» Work task: In the entries below, begin at the line that has "Howard Stern Hoax" and stop after the line that has "148 Tre Pietre"; output those lines exactly, leaving out pictures.

═════ Data for the task

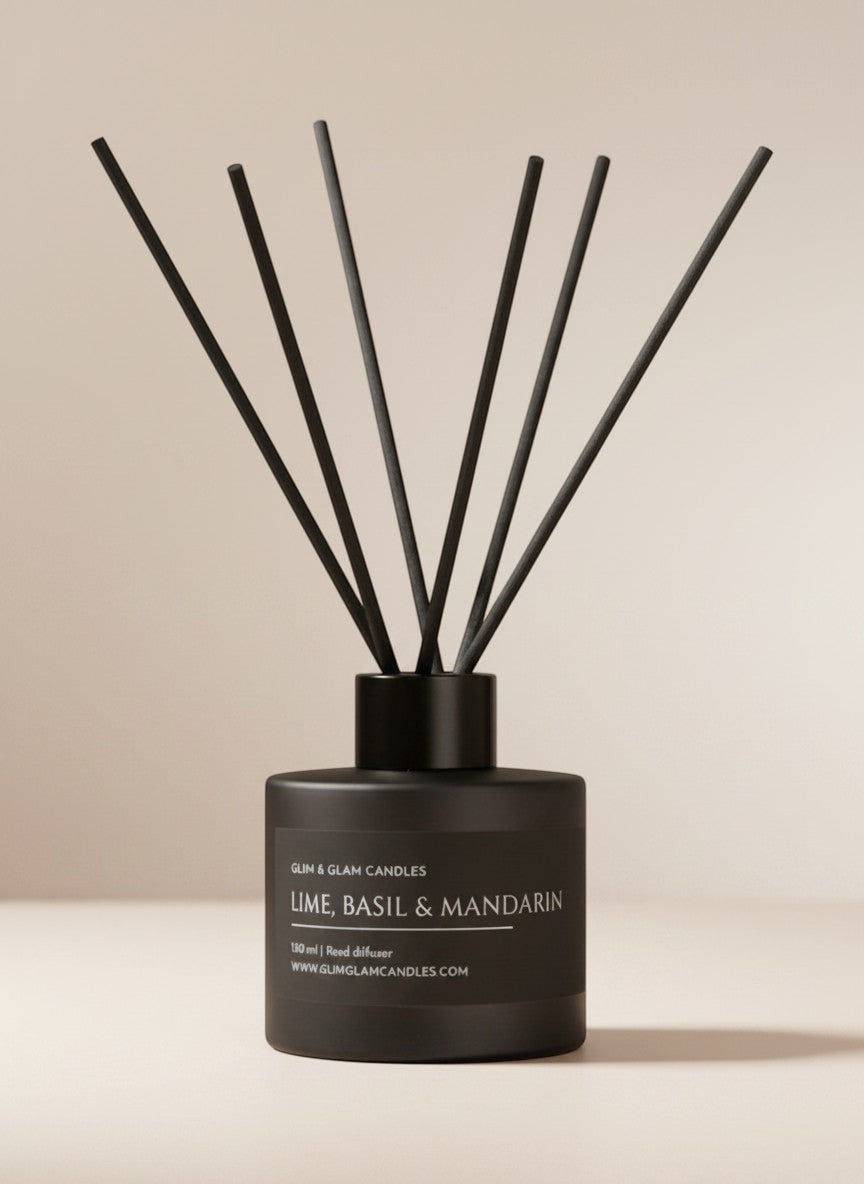 Glim & Glam Lime, Basil & Mandarin reed diffuser in a matte black bottle with black reeds on a neutral background.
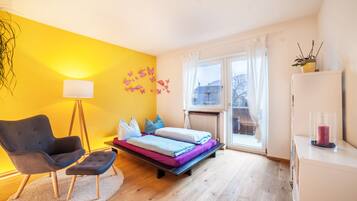 Ein Schlafzimmer mit Bett, Stuhl, Lampe und Fenster.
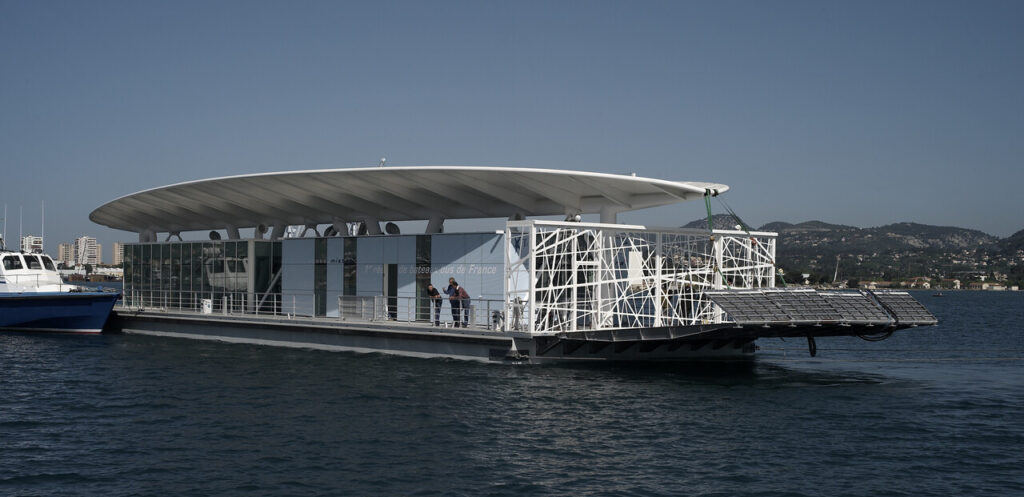Eine moderne schwimmende Plattform mit weißem Dach liegt auf dem Meer, mit einem Boot daneben und Küste im Hintergrund.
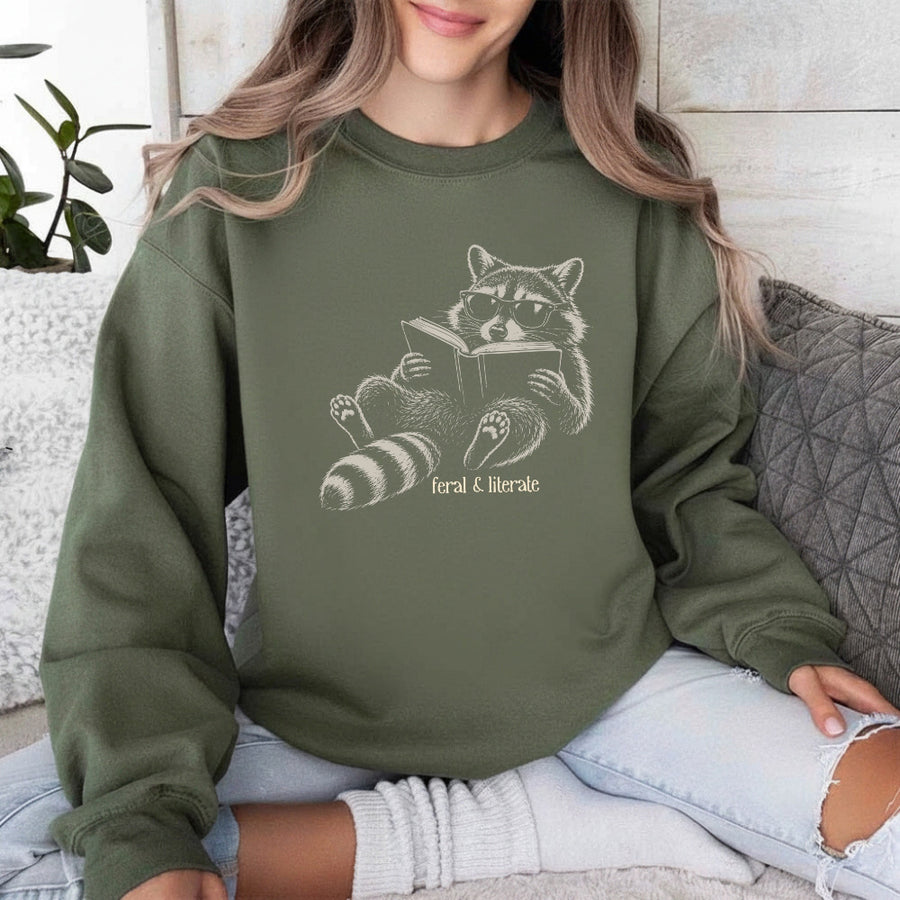 May include a Feral & Literate Raccoon Sweatshirt featuring a playful raccoon illustration and witty book lover statement design.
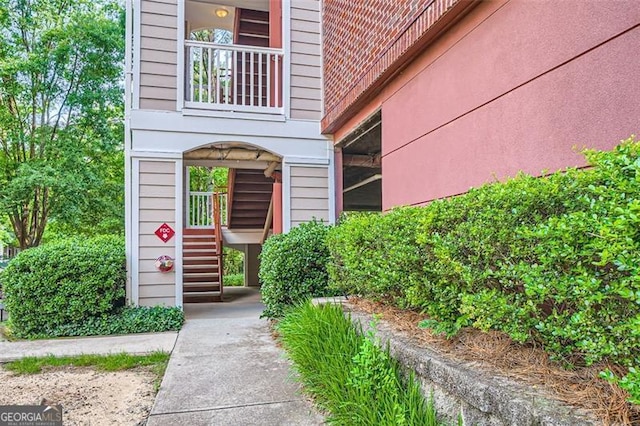 entrance to property with a balcony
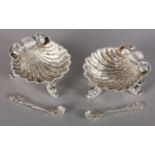 A PAIR OF VICTORIAN SILVER SCALLOP SHELL SALTS, each scroll chased on three dolphin feet, hallmarked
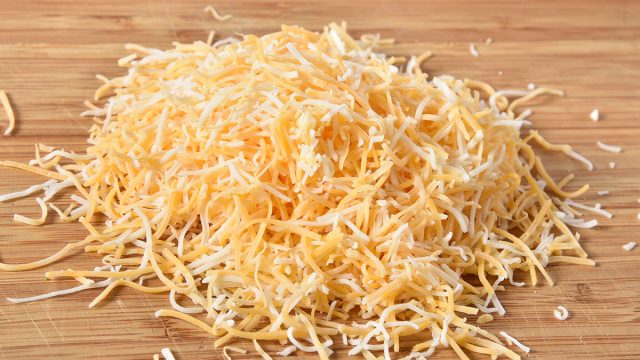 The Hidden Ingredient In Shredded Cheese Eat This Not That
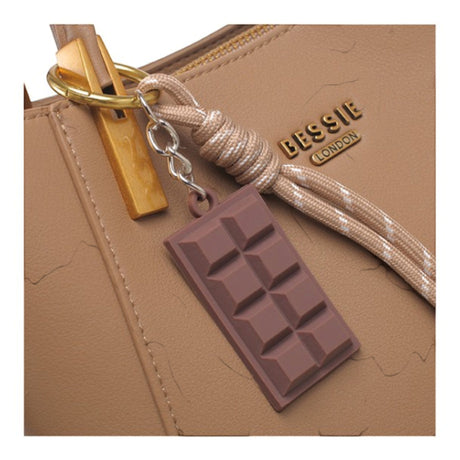Taupe faux leather tote bag, close-up of the chocolate bar charm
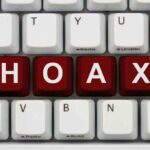 Howard Stern Hoax HUMILIATES Major Newsrooms Close-up of a computer keyboard with the word HOAX spelled out in red keys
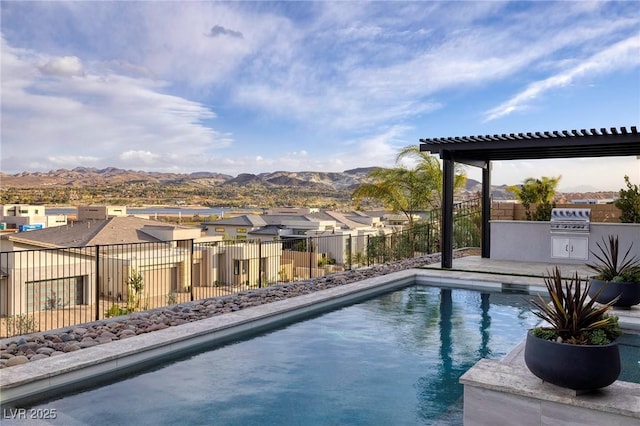 148 Tre Pietre St, Henderson, NV 89011 - view of swimming pool with a fenced in pool, a residential view, a mountain view, an outdoor kitchen, and a fenced backyard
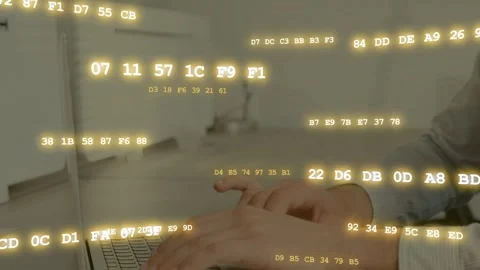 Man coding on laptop, positioning fingers, starting keystrokes as glowing hex Stock Footage 333657481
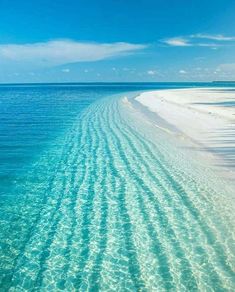 the water is crystal blue and clear with white sand on it's sides, as well as an island in the distance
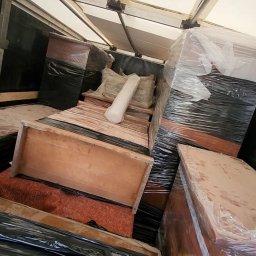 WenaBud - Meble i przedmioty zabezpieczone folią i wewnątrz skrzyni ładunkowej, gotowe do transportu. Widoczne drewniane elementy i białe poduszki.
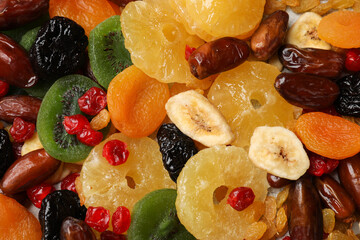 Mix of different dried fruits as background, top view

══════════

» Response area:
 Howard Stern Hoax HUMILIATES Major Newsrooms Close-up of a computer keyboard with the word HOAX spelled out in red keys
 148 Tre Pietre St, Henderson, NV 89011 - view of swimming pool with a fenced in pool, a residential view, a mountain view, an outdoor kitchen, and a fenced backyard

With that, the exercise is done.